En ces temps de crise sanitaire mondiale marquée par les incertitudes, l’Inde apparait comme un allié stratégique de premier plan pour le Maroc, non seulement en raison de son poids démographique, géopolitique et économique, mais aussi et surtout par rapport à sa nouvelle stature politique. Deux postulats confortent cette perception: L’inde vient d’être réélue, à l’occasion de l’Assemblée générale des Nations Unies de ce mois d’octobre 2020, membre non permanent pour la période 2021-2022 au sein du Conseil de sécurité de l’ONU.

Mieux, ce géant asiatique saisit cette confiance multipartite ou multiétatique renouvelée pour revendiquer plus que jamais un statut permanent. L’entretien en visioconférence, tenu le jeudi 22 octobre 2020, entre Nasser Bourita, ministre des Affaires étrangères, et son homologue indien, Subrahmanyam Jaishankar, a consolidé certes cette volonté des deux parties de raffermir les relations bilatérales dans différents domaines (cyber- sécurité, pharmaceutique…) mais il a surtout conforté la position du Maroc par rapport à deux dossiers très importants.

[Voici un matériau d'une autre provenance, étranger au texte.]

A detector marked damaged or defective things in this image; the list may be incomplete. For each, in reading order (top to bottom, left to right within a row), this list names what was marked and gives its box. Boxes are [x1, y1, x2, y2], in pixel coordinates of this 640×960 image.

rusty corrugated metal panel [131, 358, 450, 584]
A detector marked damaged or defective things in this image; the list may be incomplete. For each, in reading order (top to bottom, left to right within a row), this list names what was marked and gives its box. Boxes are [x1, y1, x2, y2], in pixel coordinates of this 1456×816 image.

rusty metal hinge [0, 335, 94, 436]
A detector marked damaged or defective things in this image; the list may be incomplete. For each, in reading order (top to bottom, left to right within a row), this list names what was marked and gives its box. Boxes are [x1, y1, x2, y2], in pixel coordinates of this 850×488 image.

L’Inde peut être d’un appui inestimable en ce moment particulier dans les dossiers du Sahara et libyen, qui connaissent une ingérence malveillante du pouvoir algérien visant à saboter leur processus.

Solution pacifique
S’agissant de l’intégrité territoriale du Royaume, New Delhi a exprimé, par la voix de son ministre des Affaires étrangères, son soutien aux efforts du Secrétaire général des Nations-Unies visant à parvenir à une solution politique réaliste, durable, négociée et acceptable d’un commun accord.

L’appui de l’Inde, une fois portée au Conseil de sécurité de manière permanente, contribuera à accélérer le dénouement politique de cette affaire surtout que la dernière résolution du Conseil de sécurité a non seulement cautionné les paramètres des négociations identifiés depuis 2007 mais en plus a invité l’Algérie à s’impliquer dans le processus de table ronde comme étant un des acteurs du dossier clairement identifiés à l’instar du Maroc, du Polisario et de la Mauritanie.

Par rapport au dossier libyen, et tenant compte du processus politique avancé du dialogue inter-libyen à Bouznika, M. Jaishankar a salué l’engagement résolu et constructif du Maroc avec toutes les parties libyennes depuis le début de la crise, et sa contribution aux efforts de l’ONU visant à trouver une solution pacifique par le biais d’un processus politique mené par les Libyens et pour les Libyens.

L’Inde peut aussi fédérer plusieurs pays de sa région aux côtés du Maroc aussi bien dans le dossier libyen que dans le différend régional autour du Sahara. En dehors de ces deux dossiers épineux, les relations entre les deux pays ont été portées à un nouveau palier pendant la pandémie de Covid-19. L’on se rappelle encore lorsque l’Inde a facilité l’exportation des médicaments (chloroquine, notamment) au Maroc au moment où beaucoup d’Etats ont adopté la politique de «chacun pour soi».

Tout compte fait, cet échange de bons procédés illustre l’élan et la dynamique insufflés aux relations bilatérales depuis la visite historique du Roi Mohammed VI en Inde, en octobre 2015, et sa rencontre avec le Premier ministre indien, Narendra Modi, au cours de laquelle ils ont notamment convenu de hisser le niveau de ces relations à un partenariat stratégique.